▸ Dataset excerpt:
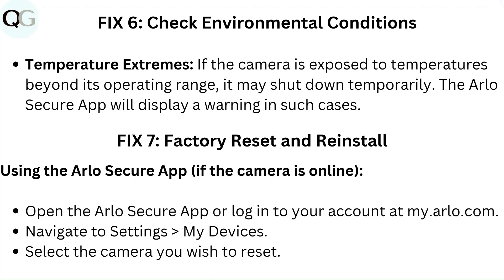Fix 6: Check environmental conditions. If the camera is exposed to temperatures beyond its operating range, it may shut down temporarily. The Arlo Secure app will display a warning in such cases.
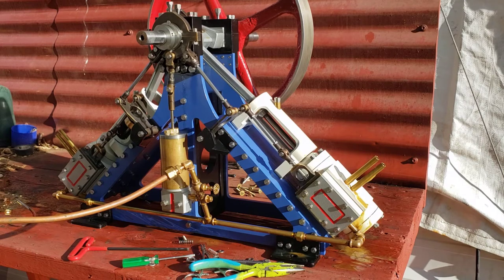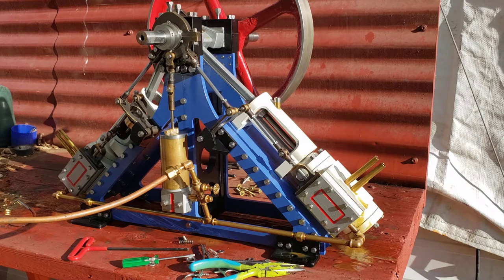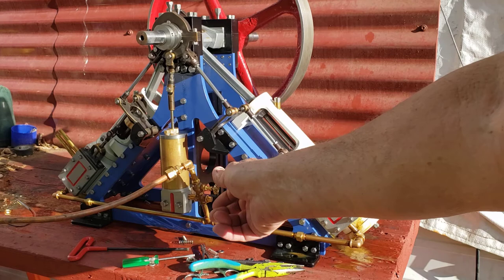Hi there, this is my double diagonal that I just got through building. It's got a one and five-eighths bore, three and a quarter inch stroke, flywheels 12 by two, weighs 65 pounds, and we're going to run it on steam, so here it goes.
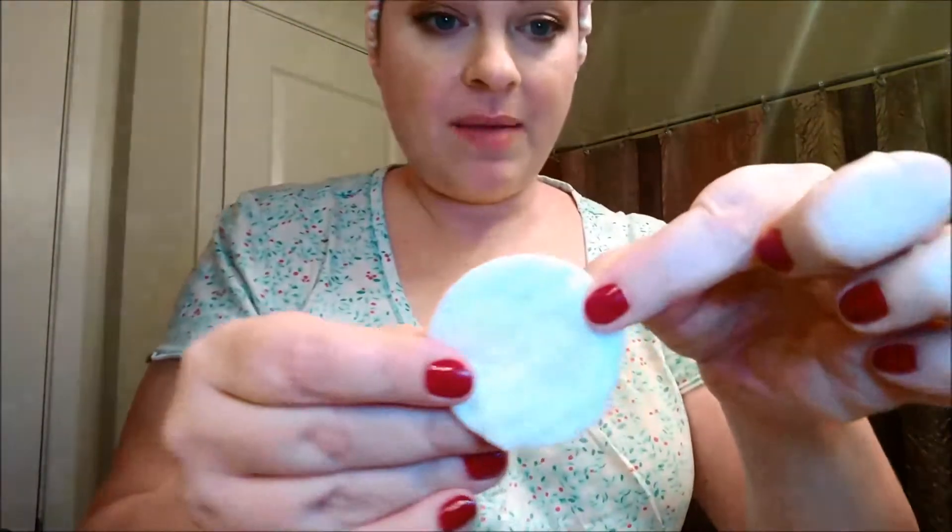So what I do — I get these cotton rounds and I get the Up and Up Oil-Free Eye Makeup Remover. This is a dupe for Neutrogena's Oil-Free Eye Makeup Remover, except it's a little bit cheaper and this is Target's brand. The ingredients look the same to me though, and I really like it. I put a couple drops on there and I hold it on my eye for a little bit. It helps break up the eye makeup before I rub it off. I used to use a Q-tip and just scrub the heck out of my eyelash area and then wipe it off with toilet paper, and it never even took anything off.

▸ Requirement: Restate each line from the start of the listing through the line bearing "Hi there, this" word for word. Drop the pictures.

▸ Answer:
Fix 6: Check environmental conditions. If the camera is exposed to temperatures beyond its operating range, it may shut down temporarily. The Arlo Secure app will display a warning in such cases.
Hi there, this is my double diagonal that I just got through building. It's got a one and five-eighths bore, three and a quarter inch stroke, flywheels 12 by two, weighs 65 pounds, and we're going to run it on steam, so here it goes.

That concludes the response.